[Start of Attachment]

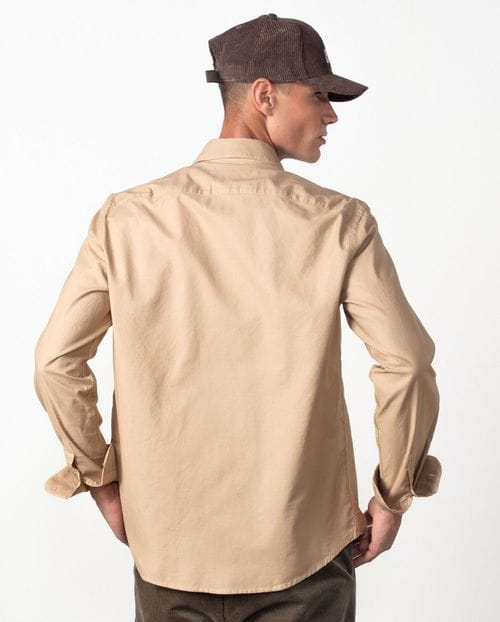 Camisa sport relaxed fit en un tejido de plana tintado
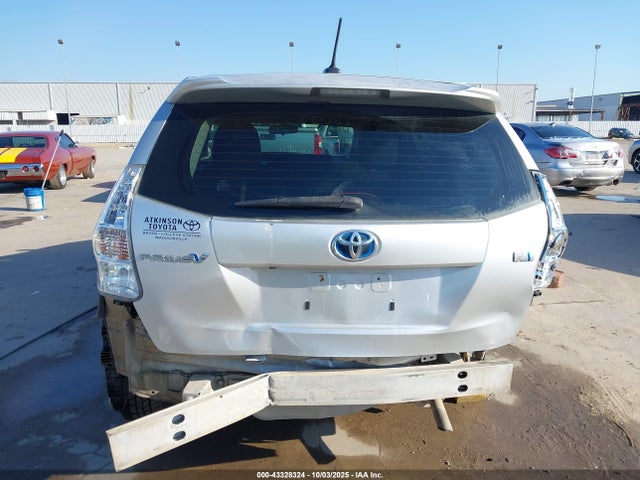 Toyota Prius v Three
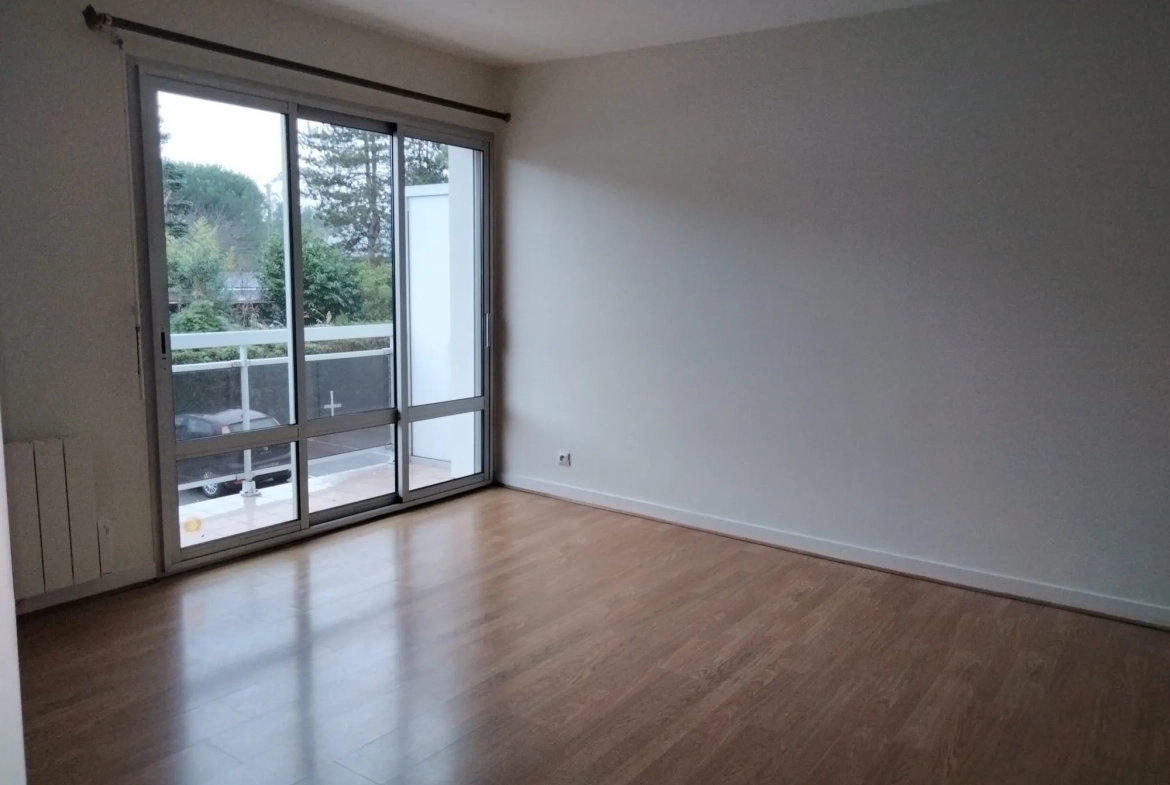 Appartement T2 lumineux avec balcon et garage à Saint-Avé - Opportunité à saisir 
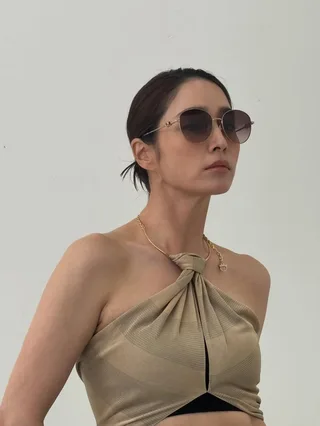 Lee Min Jung เผยภาพสุดชิคและโมเมนต์อบอุ่นกับ Lee Byung Hun และลูกสาว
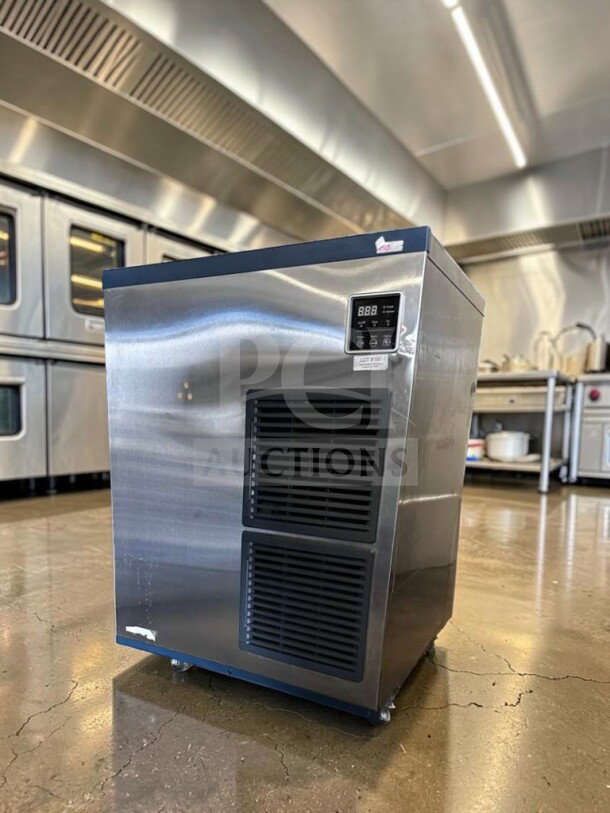 Blue Air BLMI-850A 30" commercial ice machine head, air-cooled, 900 lb/day capacity, superior condition, fully tested.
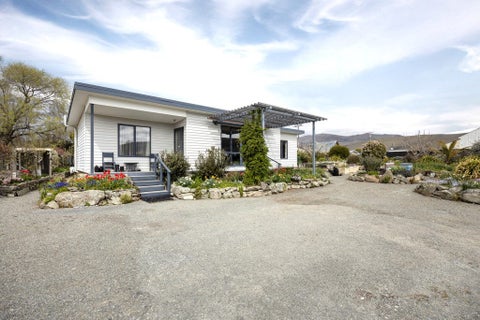 1 Waitaki Drive East, Otematata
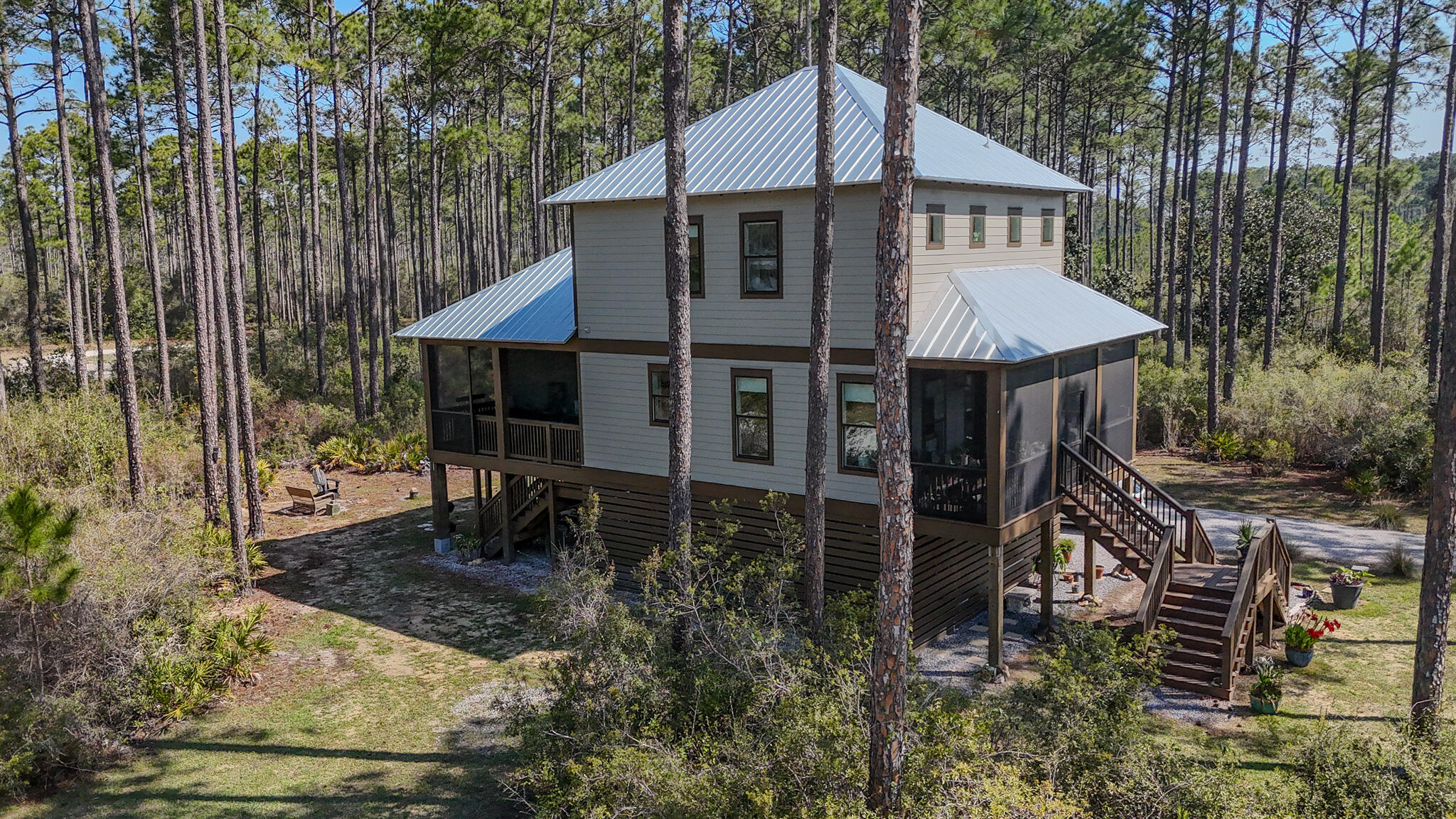 RIVERCAMPS ON CROOKED CREEK - Residential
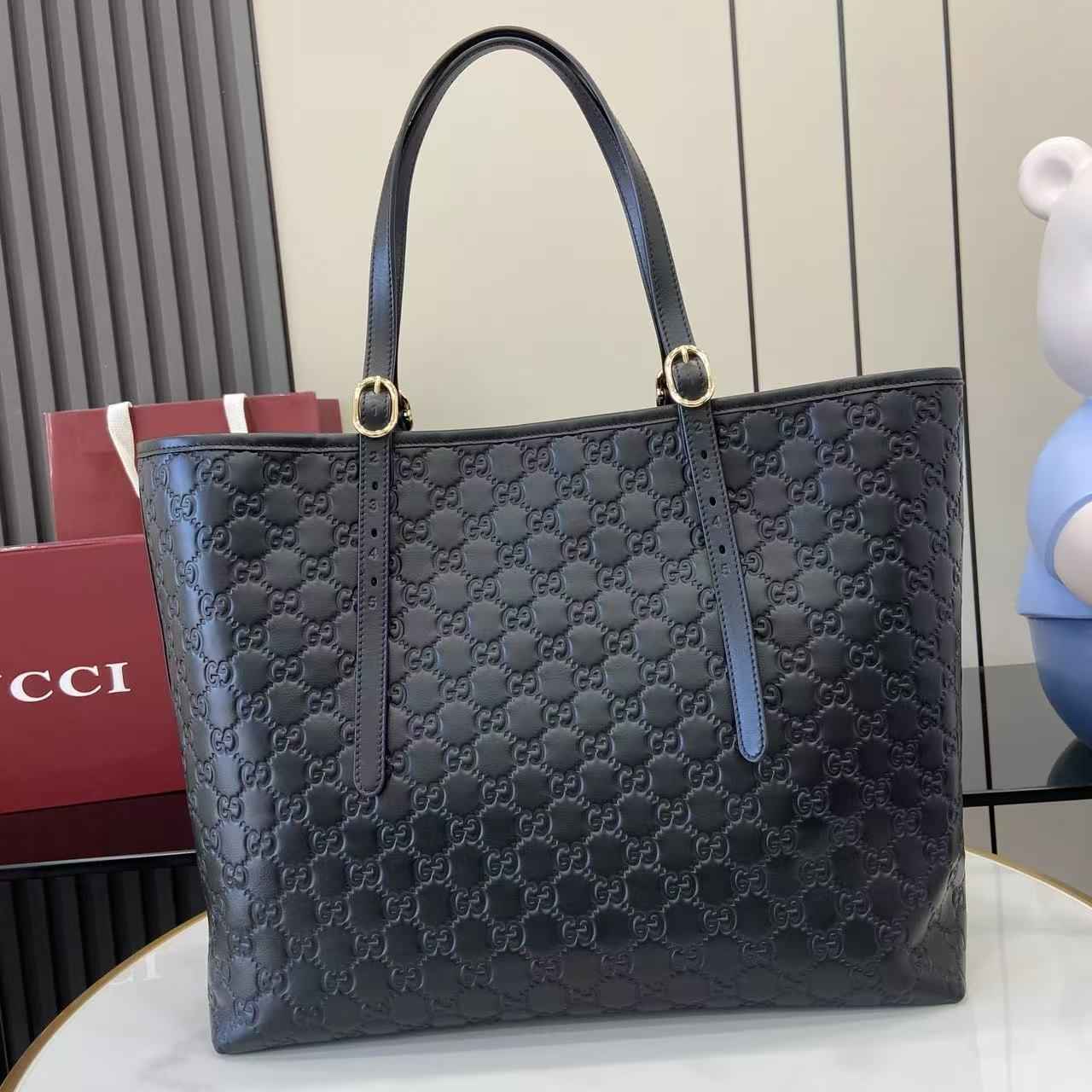 Gucci GG Emblem large tote bag 847455 in Black GG leather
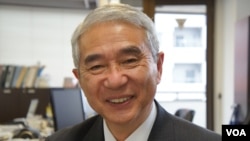 前日本潜水艇艇长山内敏秀(美国之音歌篮)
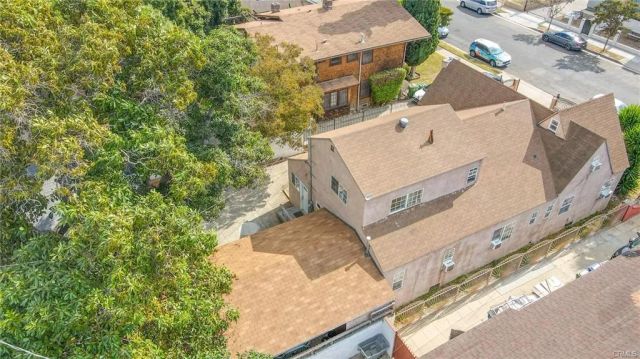 1115 W 41st Street, Los Angeles, CA 90037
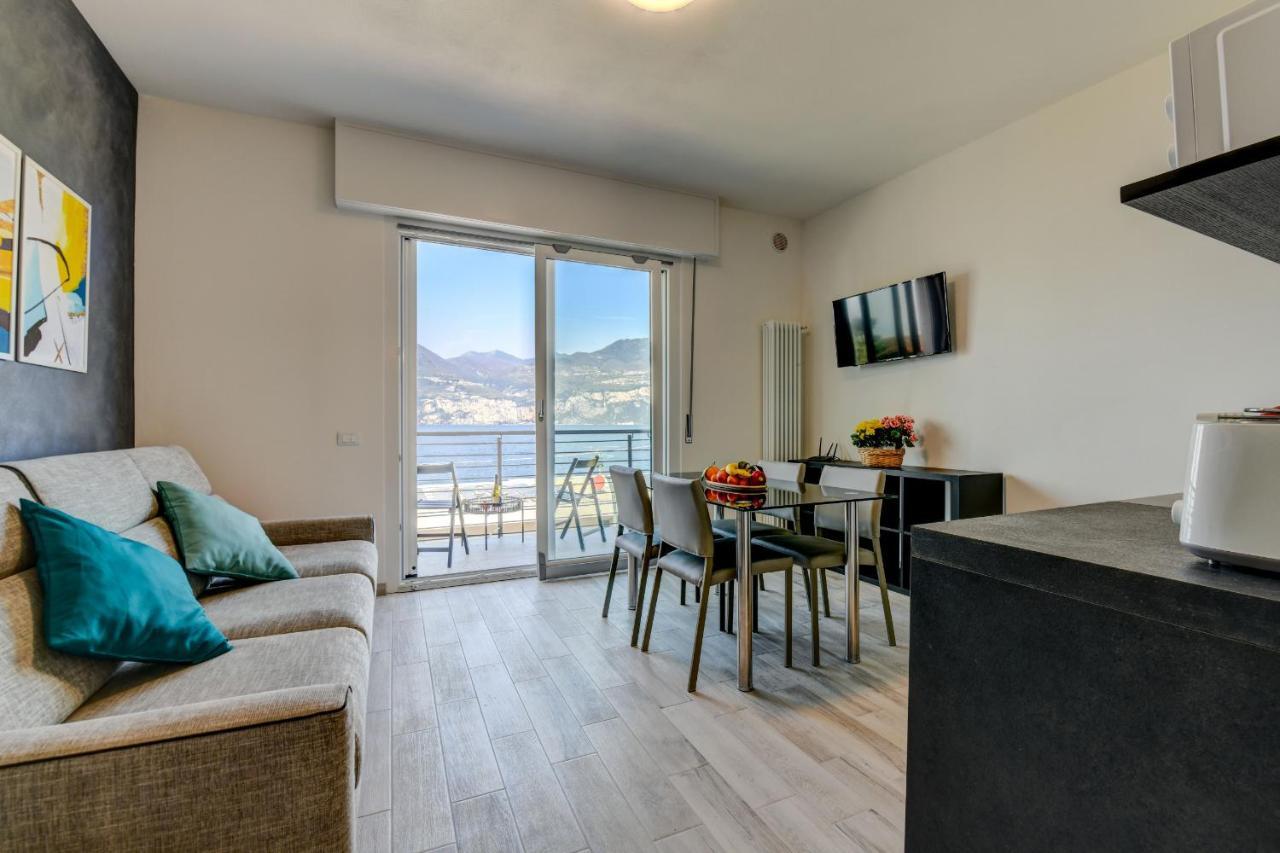 Studio Baldo - Brenzone Holiday Apartments エクステリア 写真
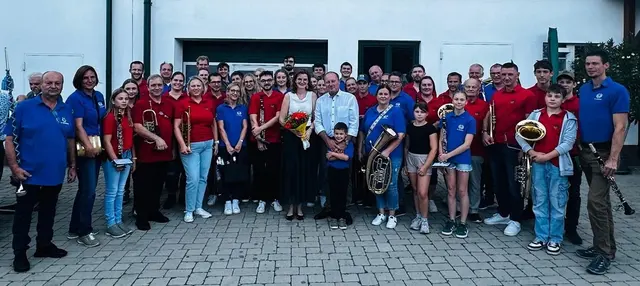 Jubilar Markus Maurer (Mitte) mit Gattin Johanna, dem Musikverein Sarasdorf und der Trachtenkapelle Trautmannsdorf | Foto: MV Sarasdorf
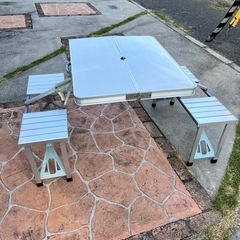 アルミ折り畳みテーブルイス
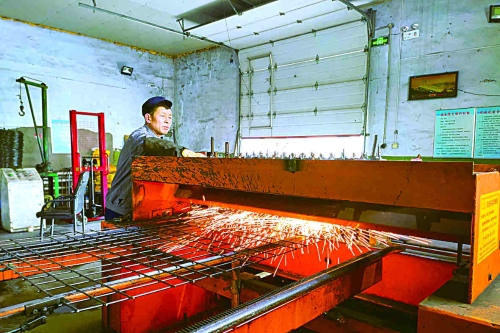 ˫��˾ѡú��˾�ӹ����ɲ�ְ�������Ƽ������ʵ�ɾ����������������Ǽӹ�֧������Ч112��Ԫ���ӹ��׸�ɸ����Լ��Ǯ218��Ԫ��Ϊ����ӹ������������10����Ԫ��������Ϊʵ���ڲ��г�������������������ͼΪ�ӹ���ְ���ڼӹ�����֧����������顡ͼ��_����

[End of Attachment]

**Exercise details**: The records must be copied with no word altered, and without their pictures.

**Exercise output**:
 Camisa sport relaxed fit en un tejido de plana tintado
 Toyota Prius v Three
 Appartement T2 lumineux avec balcon et garage à Saint-Avé - Opportunité à saisir 
 Lee Min Jung เผยภาพสุดชิคและโมเมนต์อบอุ่นกับ Lee Byung Hun และลูกสาว
 Blue Air BLMI-850A 30" commercial ice machine head, air-cooled, 900 lb/day capacity, superior condition, fully tested.
 1 Waitaki Drive East, Otematata
 RIVERCAMPS ON CROOKED CREEK - Residential
 Gucci GG Emblem large tote bag 847455 in Black GG leather
 前日本潜水艇艇长山内敏秀(美国之音歌篮)
 1115 W 41st Street, Los Angeles, CA 90037
 Studio Baldo - Brenzone Holiday Apartments エクステリア 写真
 Jubilar Markus Maurer (Mitte) mit Gattin Johanna, dem Musikverein Sarasdorf und der Trachtenkapelle Trautmannsdorf | Foto: MV Sarasdorf
 アルミ折り畳みテーブルイス
 ˫��˾ѡú��˾�ӹ����ɲ�ְ�������Ƽ������ʵ�ɾ����������������Ǽӹ�֧������Ч112��Ԫ���ӹ��׸�ɸ����Լ��Ǯ218��Ԫ��Ϊ����ӹ������������10����Ԫ��������Ϊʵ���ڲ��г�������������������ͼΪ�ӹ���ְ���ڼӹ�����֧����������顡ͼ��_����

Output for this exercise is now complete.